Exercise objective: Quote exactly and only this range of lines in the data below: the line that holds "Sticker 57.A seamless" to the line that holds "DOMX秋季2025新款韩系学院风高腰格子短裙女小个子a字百褶半身裙", both included.

Data records:
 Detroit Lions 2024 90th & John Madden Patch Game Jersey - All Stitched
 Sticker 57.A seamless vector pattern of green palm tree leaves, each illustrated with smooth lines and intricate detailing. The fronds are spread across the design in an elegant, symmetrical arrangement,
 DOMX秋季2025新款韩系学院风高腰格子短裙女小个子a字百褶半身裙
==
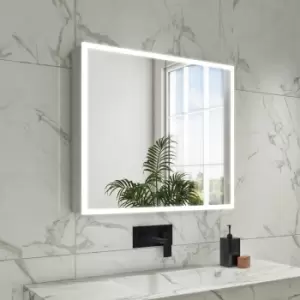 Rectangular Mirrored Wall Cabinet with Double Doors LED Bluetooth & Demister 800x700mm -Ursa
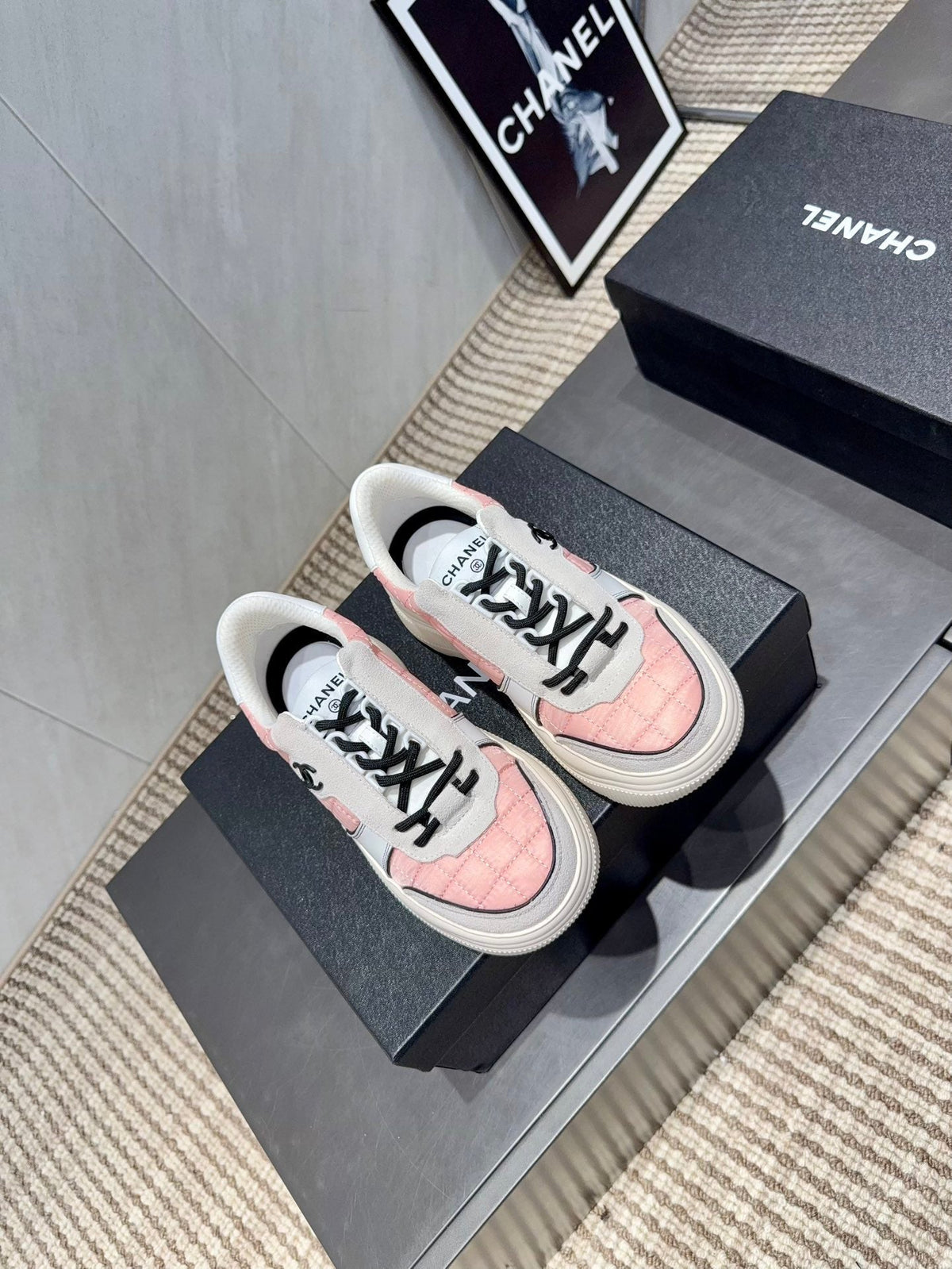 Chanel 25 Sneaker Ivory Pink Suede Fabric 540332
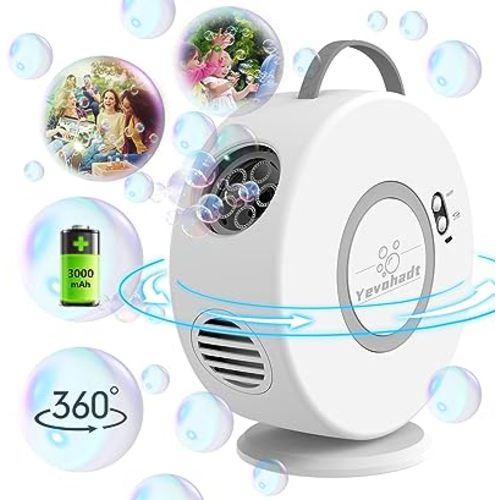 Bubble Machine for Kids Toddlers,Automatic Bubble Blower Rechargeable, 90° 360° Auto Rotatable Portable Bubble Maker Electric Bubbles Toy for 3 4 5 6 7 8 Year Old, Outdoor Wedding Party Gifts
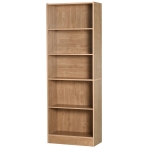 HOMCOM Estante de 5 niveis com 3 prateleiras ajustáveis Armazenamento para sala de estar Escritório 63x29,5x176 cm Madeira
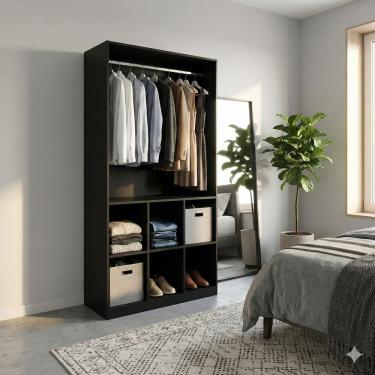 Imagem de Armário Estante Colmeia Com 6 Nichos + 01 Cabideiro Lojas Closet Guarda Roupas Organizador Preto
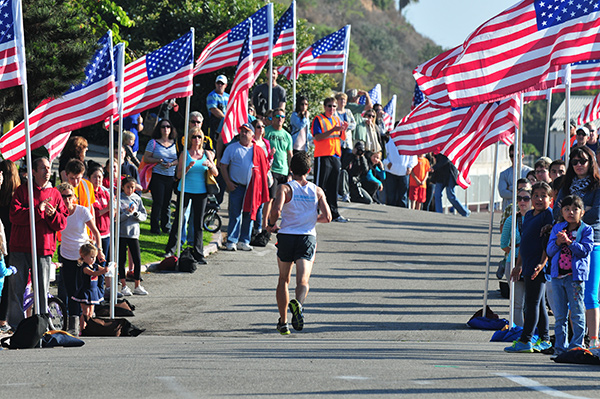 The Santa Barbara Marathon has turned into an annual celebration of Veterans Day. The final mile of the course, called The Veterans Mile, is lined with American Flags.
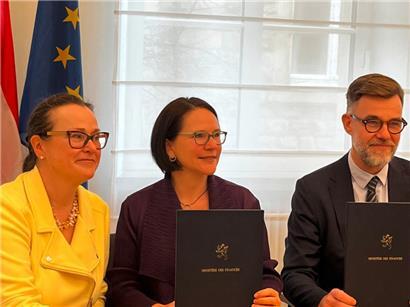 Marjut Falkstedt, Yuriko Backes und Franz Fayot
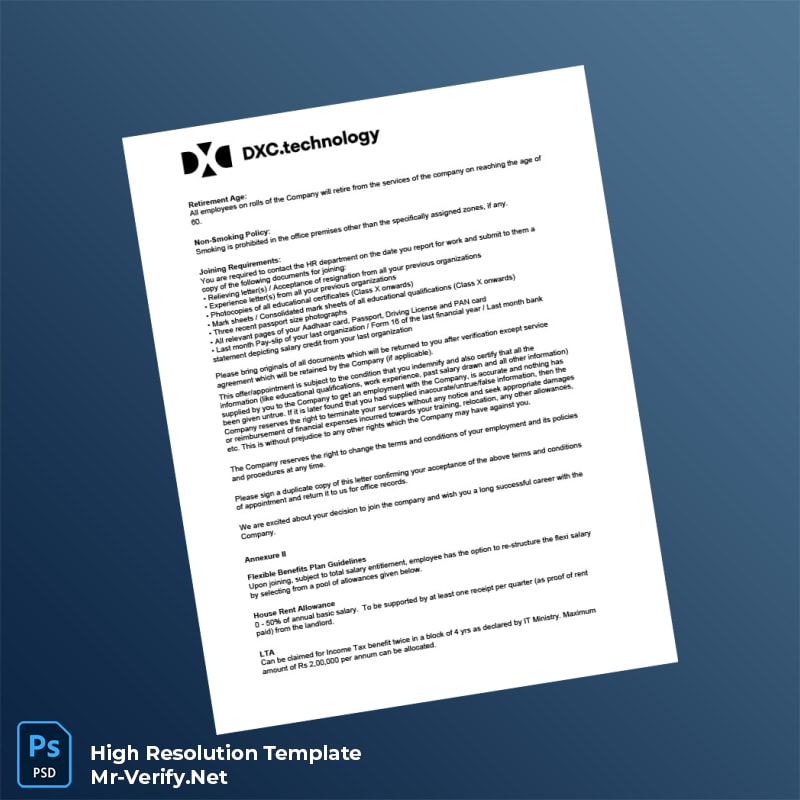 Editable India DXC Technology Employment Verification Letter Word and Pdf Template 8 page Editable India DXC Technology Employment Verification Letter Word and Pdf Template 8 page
...
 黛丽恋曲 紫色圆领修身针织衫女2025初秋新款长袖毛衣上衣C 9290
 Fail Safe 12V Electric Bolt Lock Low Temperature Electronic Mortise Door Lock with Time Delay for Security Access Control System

Exercise answer:
 Sticker 57.A seamless vector pattern of green palm tree leaves, each illustrated with smooth lines and intricate detailing. The fronds are spread across the design in an elegant, symmetrical arrangement,
 DOMX秋季2025新款韩系学院风高腰格子短裙女小个子a字百褶半身裙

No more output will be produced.